At a little shoot were there probably isn't an official, i would say you shoot it as it lies...unless the group decides it's too far gone to aim at...then straighten it up. I would make note of the target and mention it after coming in off the course. 

At large National type shoots, I would ask the official to fix the target.


----------



## russ (Jul 29, 2002)

Well, except of course if you approach a target before shooting it's a zero. I think that the only proper recourse is to shoot the target as it lies, mark on your score cards which target it was and file a protest.


----------



## dh1 (Dec 16, 2004)

That may be the right awnser at an important shoot but at your average local "fun" shoot I say go fix it unless all your group agrees to shoot as it lies and then fix it after. Obviously it was a mistake by a group infront. At a fun shoot people are there for just that FUN and it's not fun for them if they are loosing arrows because of a moved target and they may not be an experienced shooter with the skill to allow for that much margin or error. By the way it's nice to see your still around Zarksniper!:thumbs_up


----------



## russ (Jul 29, 2002)

dh1 said:


> That may be the right awnser at an important shoot but at your average local "fun" shoot


That's the problem, some guy's don't know the difference between a "fun" shoot and a "serious" shoot. 

All shoots are supposed to be "fun"


----------



## CLASSICHUNTER (May 20, 2005)

*oh ya*

what a scenario happens lots , we usually shoot and leave it . usually the group says we had to shoot it that way so everybody else can... lol lol what do you do.. other than mention it when signing in at end.. what I would like to see is a officials traveling the course by atv so he can be brought up to date on such things... a s a p


----------



## Guest (Apr 21, 2010)

well the first thing I would do is get a TC and get it fixed before shooting it, if the previous groups shoot it like that, its their problem.


----------



## dh1 (Dec 16, 2004)

Sean just a side note but great 3D on the weekend!


----------



## cath8r (Jan 17, 2003)

Whats a TC Sean?
I'd say go up and fix it if its not too bad then shoot it.

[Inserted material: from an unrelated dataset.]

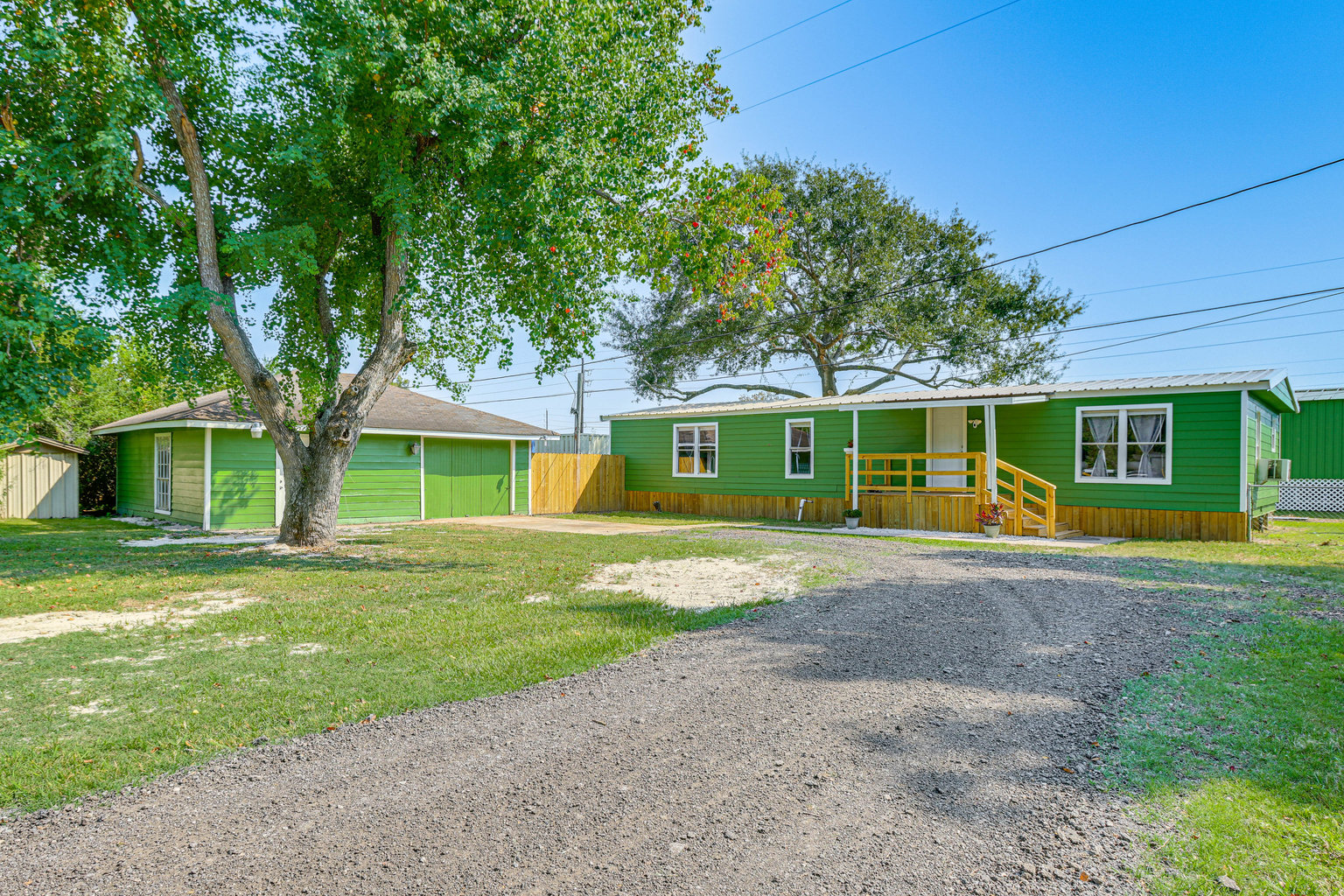 Crosby Vacation Rental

Local shoots are supposed to be fun. If someone gets their panties in a wad because you fixed it first, then they are the ones with the problem. Targets leaning back were not the intent of the club that set the shoot up. Fix it, then shoot it.


----------



## russ (Jul 29, 2002)

I was told Target Co-ordinator or if you ask Canuck, Technical Committee either way it's a course judge.


----------



## CLASSICHUNTER (May 20, 2005)

*ok but*

At most shoots you don`t see an official all day sometimes.. what sit and wait till one shows up .. I can just imagine the next five groups waiting because you won`t shoot a target till an official shows.. like I said a course official should be patrolling on a atv or something and maybe more than one... also another sore point the x or 11 rings.. some are shot out and could easily be more defined with a hot nail or something , soldering gun , then there is no guesstimating on scores .. imho.. good shooting this weekend guys wherever that may be...:darkbeer:


----------



## russ (Jul 29, 2002)

CLASSICHUNTER said:


> also another sore point the x or 11 rings.. some are shot out and could easily be more defined with a hot nail or something , soldering gun , then there is no guesstimating on scores .. imho.. good shooting this weekend guys wherever that may be...:darkbeer:


If the x-ring is not defined, it doesn't exist. Unfortunately some people have pretty good imaginations


----------



## wheelie (Mar 2, 2009)

CLASSICHUNTER said:


> what I would like to see is a officials traveling the course by atv so he can be brought up to date on such things... a s a p


I agree, a beer cart would be helpful.


----------



## russ (Jul 29, 2002)

wheelie said:


> I agree, a beer cart would be helpful.


Hey, I remember a shoot like that! The fun police really freaked out @ that one :lol: (little wonder, alcohol & weapons; a problem? Who knew!)


----------